Thank you for this insight into your industry.  I questioned (in a very poor way in another session!) how costs change with respect to production rate.  It sounds like upgrading, improving, expanding withdrawel rate WHEN prices are rising is often a money losing proposition.  

This is due to higher cost for everything related to extraction and IS NOT offset by the additional oil brought to the surface.  Huge costs for an incremental increase in production.

Did I understand this correctly?

Also, and I think you and J. have touched on this before, does this mean raw material costs are rising faster than energy (oil & NG) prices?

Don't get me wrong here.  When the price of oil rises producing companies make out like bandits.  However, for mega-projects that take 6-10 years to bring on, the conditions that these projects are planned under rarely if ever exist when the projects actually come to fruition.  When commodity prices rise, costs rise, and inefficiencies show up everywhere. Consequently, projects universally come in late and over budget.  But in the end the projects make much more money than they would have if they had been executed efficiently in a low-commodity-price environment.
Look at Oil & Liquids Capacity to Outstrip Demand Until At Least 2010: New CERA Report for information about the CERA "delay & disruption" scenario that Stuart pointed out above.
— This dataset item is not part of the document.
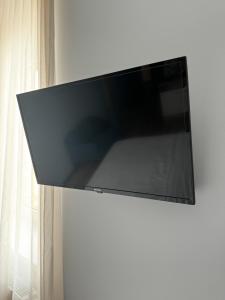 TV de pantalla plana colgada en la pared en Elys Aparthotel in Leipzig - Vollausgestattete Apartments mit Netflix, en Leipzig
There's not much there, unfortunately, nor was there much in the multimedia presentation we got access to lately from the CERA analysts. However, making an elementary point here, overall depletion in existing conventional crude oil sources is inexorable and never delayed while new projects are subject to the exigencies of investment, market price, technology, geology and politics. This must have been part of why Jean Laherrere thought that all new projects should come with an associated "probability of successful [projected] production [by the target date]" calculation.
Insurance adjustors have tools like mortality tables to figure out whether someone is a good risk or not. Based on age they can figure out the probability that you will live long enough to pay enough into your policy.

Now, I realize oil projects are different beasts. However, I would think that we could come up with a way to obtain a probability estimate for a project's: a) chance of starting on schedule b) hitting peak production.
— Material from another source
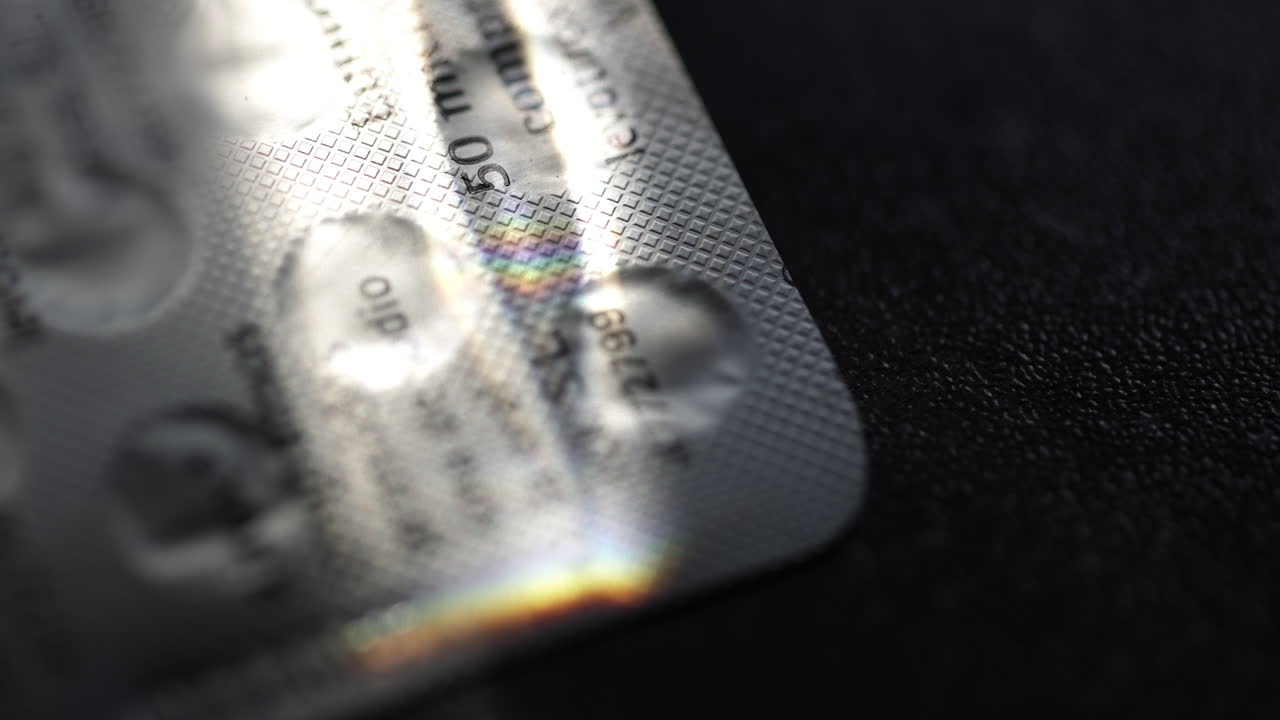 Rainbow colored light illuminating pharmaceutical blister pack, casting vibrant reflections across dark textured surface, highlighting intricate packaging details and medication design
We have a lot of historical data for this sort of thing.

The problem is that if you are doing mortality of people, that you will have a large enough sample you can be pretty sure that actual mortality will be pretty close to the actuarial tables.

If you had thousands of oil projects, the hurricanes and wars could be dealt with in terms of probabilities, but there are just a handful of projects - not enough that one can rely upon statistics like this.  

It is because there are many examples of this type, where both negotiation and development times are significant, that it is likely overly optimistic to look much  beyond the currently planned projects to anticipate supply capabilities up to 2010.

True enough for major projects - but what about smaller projects?  Are there enough that in aggregate, they might provide a not-insiginificant percentage of additional production?

And does this also apply to extensions or infill of existing fields?  That sort of work does a lot to maintain output beyond forecasts, but does not always show up in the press releases.  I doubt tbat, however long the list of planned major projects is, it accounts for more than 75% of rig activity.

Unfortunately as you go after smaller fields and new wells related to existing fields, then the risks of the venture become greater, and the production times become shorter.  I seem to remember reading somewhere that the average well in the US now starts at an average 50 bd and the overall field average is now around 11 bd.